The challenges we face today when designing solutions is how
do we avoid the pitfalls of constant design changes? How can we reduce the
impact to our data designs? Is it even possible?
The design of a data warehouse has been well discussed and
debated over the years. The battle between Ralph Kimball and Bill Inmon over
the years is legendary. The choice of an Information Factory versus a
Dimensional approach continues to be one which all new data warehouses need to
consider. In this discussion the choice is really immaterial. Whether you
choose either design approach you will still need to consider how the design
will be developed. Can we build the design incrementally? Can we minimize the
impact of the overall project and minimize regression testing? This is the
constant challenge we face when developing data solution at EPAM, especially
when using Agile practices to drive our project success. The key is to design
and develop once and to evolve the design as you go but there are some key
considerations you will need to make when designing to optimize the design and
minimize the refactoring which may be required by design changes.
The first item you must consider is using Design Patterns for Data Warehouse modelling
techniques. This approach basically says that all objects will be built using templates
which can be used to address most of the needs within your design. This means, that
similar tables in the design will follow predefined patterns. At the most basic
level we predefine what a dimension and a fact will look like. They will
include a surrogate key and the various attributes required by each. In addition
they will include control fields to allow us to manage how and when data is
processed. For more complex facts or dimensions we also provide a template
which allows us to support all of the different slowly changing dimensions as
well as to manage quickly changing facts, both of these more advanced design
methods provide us with the ability to manage the data effectively and
consistently. For relationships we look to an approach where we define
intermediate tables to manage relationships. We build “bridge” tables for this
purpose which provide a reliable manner to relate facts and dimensions to
improve performance and extend query capabilities in the future and form a key
part of allowing the model to work across multiple subject areas.
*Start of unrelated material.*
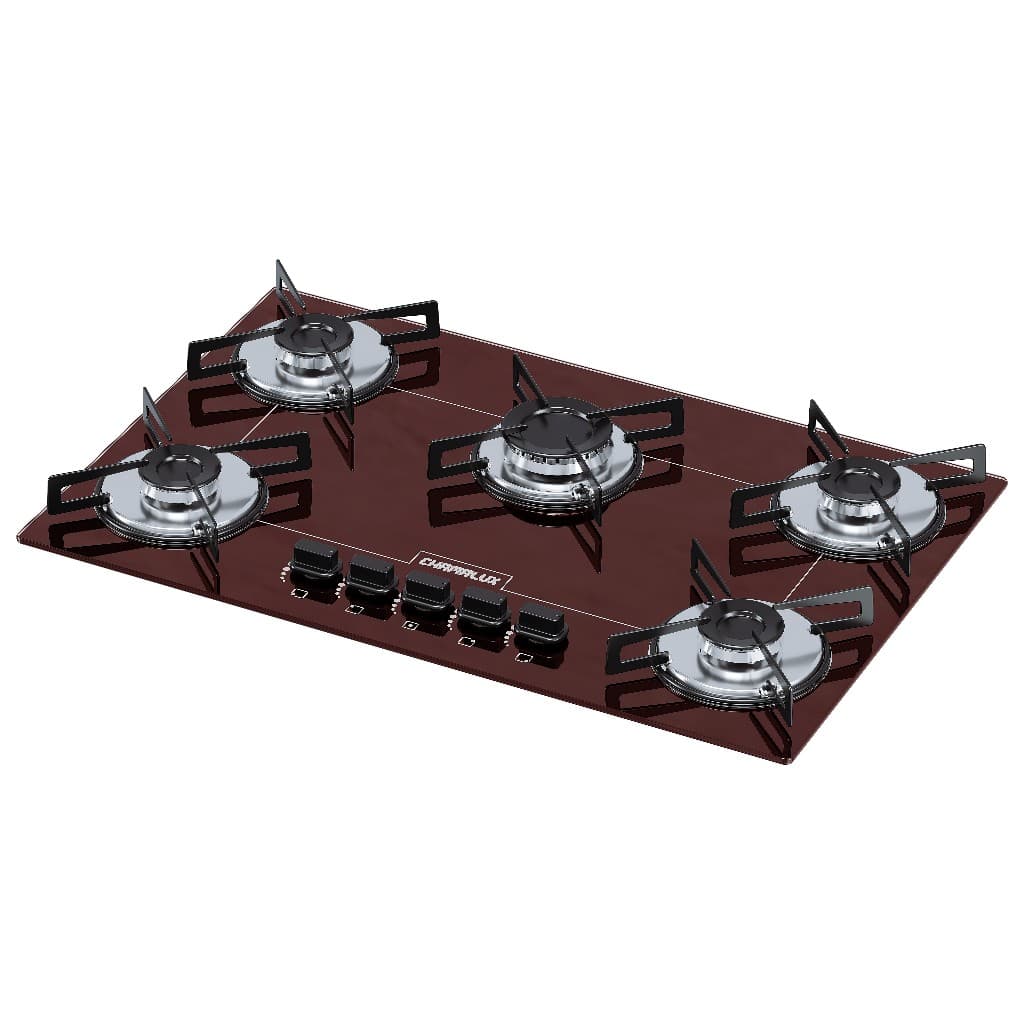 Cooktop 5 bocas Chamalux ultra chama Bivolt - Gás Natural Trempe de Chapa marron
The second consideration is to Design with the Future in Mind. In this situation you are faced
with the choice of building based only on defined requirements with little
consideration for future requirements. In the Agile context this seems like an
obvious approach of design what you need when you need it. The concept of
Just-in-Time Design is one which has been discussed and developed in the past
few years. However when we put this practice the reality is that you want to
try and define your facts and dimensions as completely as possible at the time
you first design it to ensure that you design for the future needs in addition
to the ones you have at the moment. This will result in additional attributes
which might only be used in a much later sprint but are defined in order to
reduce refactoring. In addition it may be necessary to define additional
dimensions so that you will minimize the rework when it comes to adding
dimensions to fact tables in the future. The key is to design what you need
when you need it and provide as much forward thinking in your object
definitions as early in the process as possible.
The final suggestion I would have to future-proof things is
to ensure that your data warehouse is designed to support the integration of multiple
data sources right from the start. So add additional attributes and ETL
functionality which supports this approach. The data warehouse is really all
about providing the business with an integrated and reliable solution;
therefore you must design with the goal of integration from the beginning.
Ultimately the design and development of a data warehouse requires
the data architect and data modeler to look to the future. They need to
anticipate data requirements and to try and define that data objects and
relationships as completely as possible right from the start and you can avoid
the many pitfalls of a data warehouse design by designing with the end in mind
while allowing the design to evolve based on business needs.